The 2015 Case for Cloud Gaming and OnLive

OnLive was the first company to introduce low-latency cloud gaming as an over-the-top service in 2010. After the 2009 announcement and prior to that launch, many had deemed it impossible. People were correct to be skeptical since there were many hurdles that had to be overcome. There was a lot of excitement and hype at the time that it was proven to be real in 2010. Paradoxically, the hype and excitement have waned at the same time as all of the business fundamentals have dramatically improved. This slide shown by NVIDIA at a cloud gaming conference shows this in the context of the Gartner Group’s “Hype Cycle.”

Hype-Cycle

Every major technology goes through this process of inflated expectations, disillusionment and dismissal, and subsequent establishment of importance. Unfortunately, as of this writing, the game industry is still in the “Trough of Disillusionment” regarding cloud gaming. That attitude is out-of-date for many reasons.

Cloud gaming is a matter of when, not if. Media delivery always passes through three stages:

  • physical (e.g. CDs & DVDs),
  • downloads (e.g. iTunes & Steam) then ultimately,
  • streaming (e.g. Pandora, Netflix & OnLive).

First it happened for music, then video, and now OnLive enables it for games and all applications. Reliably streaming latency-sensitive graphically-intense applications (GIA’s) over the open internet is a huge challenge that OnLive has overcome.

Every major trend is moving dramatically in the right direction for cloud gaming:

  • Bandwidth is getting faster (50%/year), cheaper and more highly penetrated.
    • In homes, offices, via wires, Wi-Fi and mobile.
    • LTE is fast and prevalent enough to deliver the service well.
    • With faster speeds comes lower latency and higher quality
  • Thin clients that can’t run big games are multiplying in people’s lives:
    • Tablets, TV-connected devices (e.g. Amazon’s Fire TV & HDMI sticks)
    • TV’s themselves (OnLive is integrated with several)
    • Chromebooks & thin Windows laptops such as the HP Stream
    • 3/15 introduction of the Intel Compute Stick for ≈$150
    • Game controllers emerging for Android and iOS devices (e.g. Wikipad).
    • Games are getting bigger each year, so harder to fit many on RAM-based laptops or other platforms that are gaining share.
  • PC Sales are declining, so PC games need other means of delivery
  • Server technologies are advancing, reducing costs and improving quality
    • GPU virtualization is just becoming available

OnLive has also radically improved its technology and business:

  • All lines of business have positive gross margins for paying customers.
  • Over 70% of free trials convert to paying customers.
  • The time (and therefore cost) to on-board and test applications has gone from weeks to hours.
  • Added MMO’s that monetize in ways that don’t require revenue splits.

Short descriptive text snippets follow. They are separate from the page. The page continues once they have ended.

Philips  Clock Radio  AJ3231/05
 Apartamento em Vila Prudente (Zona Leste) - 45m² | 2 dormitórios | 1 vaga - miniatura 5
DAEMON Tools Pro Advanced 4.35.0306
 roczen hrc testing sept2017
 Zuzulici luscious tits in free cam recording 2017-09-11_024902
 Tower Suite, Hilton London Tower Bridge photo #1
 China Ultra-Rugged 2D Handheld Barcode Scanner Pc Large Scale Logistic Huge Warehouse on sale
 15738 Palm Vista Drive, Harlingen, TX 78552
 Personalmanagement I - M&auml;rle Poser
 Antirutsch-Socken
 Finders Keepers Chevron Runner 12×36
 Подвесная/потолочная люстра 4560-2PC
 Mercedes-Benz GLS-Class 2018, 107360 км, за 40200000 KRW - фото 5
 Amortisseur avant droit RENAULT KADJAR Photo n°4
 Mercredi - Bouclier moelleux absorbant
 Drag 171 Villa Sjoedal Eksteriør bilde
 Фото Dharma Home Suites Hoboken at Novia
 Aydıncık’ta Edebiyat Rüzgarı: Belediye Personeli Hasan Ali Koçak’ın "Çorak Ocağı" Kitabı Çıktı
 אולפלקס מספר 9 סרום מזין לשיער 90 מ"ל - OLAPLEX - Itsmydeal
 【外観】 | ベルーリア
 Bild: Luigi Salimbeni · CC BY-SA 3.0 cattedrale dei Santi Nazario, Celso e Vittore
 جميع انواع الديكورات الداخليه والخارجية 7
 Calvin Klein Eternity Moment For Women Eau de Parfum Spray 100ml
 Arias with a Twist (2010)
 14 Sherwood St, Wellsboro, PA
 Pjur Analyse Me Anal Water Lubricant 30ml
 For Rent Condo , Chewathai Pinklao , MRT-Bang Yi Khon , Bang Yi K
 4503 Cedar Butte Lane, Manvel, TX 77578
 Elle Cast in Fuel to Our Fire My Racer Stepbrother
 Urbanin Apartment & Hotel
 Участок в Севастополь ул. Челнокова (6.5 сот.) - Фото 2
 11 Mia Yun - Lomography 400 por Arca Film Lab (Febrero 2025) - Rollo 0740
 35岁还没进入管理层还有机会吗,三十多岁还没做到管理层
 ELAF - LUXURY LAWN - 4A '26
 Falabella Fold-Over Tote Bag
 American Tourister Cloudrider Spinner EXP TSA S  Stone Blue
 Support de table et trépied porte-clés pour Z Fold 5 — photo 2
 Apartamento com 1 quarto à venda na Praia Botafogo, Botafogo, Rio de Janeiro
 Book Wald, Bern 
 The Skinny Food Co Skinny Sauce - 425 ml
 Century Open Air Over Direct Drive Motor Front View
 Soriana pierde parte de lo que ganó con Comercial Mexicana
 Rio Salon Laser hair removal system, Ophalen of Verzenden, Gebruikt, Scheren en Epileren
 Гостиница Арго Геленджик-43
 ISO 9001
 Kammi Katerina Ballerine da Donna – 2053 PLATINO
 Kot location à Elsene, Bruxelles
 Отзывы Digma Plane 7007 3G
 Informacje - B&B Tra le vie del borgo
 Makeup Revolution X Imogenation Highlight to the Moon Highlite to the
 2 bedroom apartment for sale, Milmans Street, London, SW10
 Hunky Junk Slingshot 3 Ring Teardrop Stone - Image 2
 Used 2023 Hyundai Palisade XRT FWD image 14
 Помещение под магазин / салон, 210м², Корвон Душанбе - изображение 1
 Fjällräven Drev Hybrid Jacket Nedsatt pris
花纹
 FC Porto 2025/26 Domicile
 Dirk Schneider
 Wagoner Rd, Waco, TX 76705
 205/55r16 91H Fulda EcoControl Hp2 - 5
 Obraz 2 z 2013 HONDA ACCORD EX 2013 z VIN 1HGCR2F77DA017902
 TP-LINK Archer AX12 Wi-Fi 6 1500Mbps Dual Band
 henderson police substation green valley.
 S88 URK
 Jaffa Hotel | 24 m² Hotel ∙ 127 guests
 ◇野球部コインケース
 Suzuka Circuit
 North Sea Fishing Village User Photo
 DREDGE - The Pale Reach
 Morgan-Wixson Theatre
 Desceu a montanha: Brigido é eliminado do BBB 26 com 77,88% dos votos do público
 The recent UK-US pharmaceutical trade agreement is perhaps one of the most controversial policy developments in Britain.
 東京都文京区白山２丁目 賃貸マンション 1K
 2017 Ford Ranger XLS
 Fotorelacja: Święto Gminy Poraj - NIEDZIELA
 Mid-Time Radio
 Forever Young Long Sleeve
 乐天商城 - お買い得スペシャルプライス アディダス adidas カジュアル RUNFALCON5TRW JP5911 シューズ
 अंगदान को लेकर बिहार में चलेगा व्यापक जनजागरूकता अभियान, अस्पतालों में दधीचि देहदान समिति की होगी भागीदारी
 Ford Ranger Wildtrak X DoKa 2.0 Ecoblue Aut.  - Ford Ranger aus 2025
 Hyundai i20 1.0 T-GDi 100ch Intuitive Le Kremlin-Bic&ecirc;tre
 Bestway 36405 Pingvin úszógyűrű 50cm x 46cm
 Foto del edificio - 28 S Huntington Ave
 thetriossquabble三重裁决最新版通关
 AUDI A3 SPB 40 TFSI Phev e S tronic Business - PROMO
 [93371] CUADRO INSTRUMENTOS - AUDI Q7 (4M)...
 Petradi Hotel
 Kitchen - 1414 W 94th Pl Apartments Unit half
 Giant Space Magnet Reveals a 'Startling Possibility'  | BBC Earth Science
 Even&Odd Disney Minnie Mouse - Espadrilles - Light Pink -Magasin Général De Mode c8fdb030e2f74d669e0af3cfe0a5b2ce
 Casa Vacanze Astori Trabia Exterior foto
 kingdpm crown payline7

OnLive’s cloud gaming has inherent advantages over traditional modes of play:

  • No waiting for downloads. Instant play.
  • Works across wide range of platforms with consistent user experience
  • Platforms never need upgrading
  • No risk of piracy
  • Unlike home platforms, there is no limit to the amount of computing power that can be brought to bear in the cloud to create new experiences.

OnLive’s platform can run Windows applications remotely from a wide range of clients. This is a similar capability as Amazon’s AppStream, but we deliver it at lower cost, lower latency and with better performance at lower bandwidth while tolerating more packet loss. The ability to deliver any application to any platform is a big deal.

OnLive has 144 patents issued or allowed, with another 135 pending (as of 3/15). Many of these are fundamental and are a result of OnLive having pioneered this area.

Reliably delivering OnLive’s service over the open internet without interruption for over 4 years is the result of tremendous talent and dedication on the part of many brilliant minds. The innovation continues.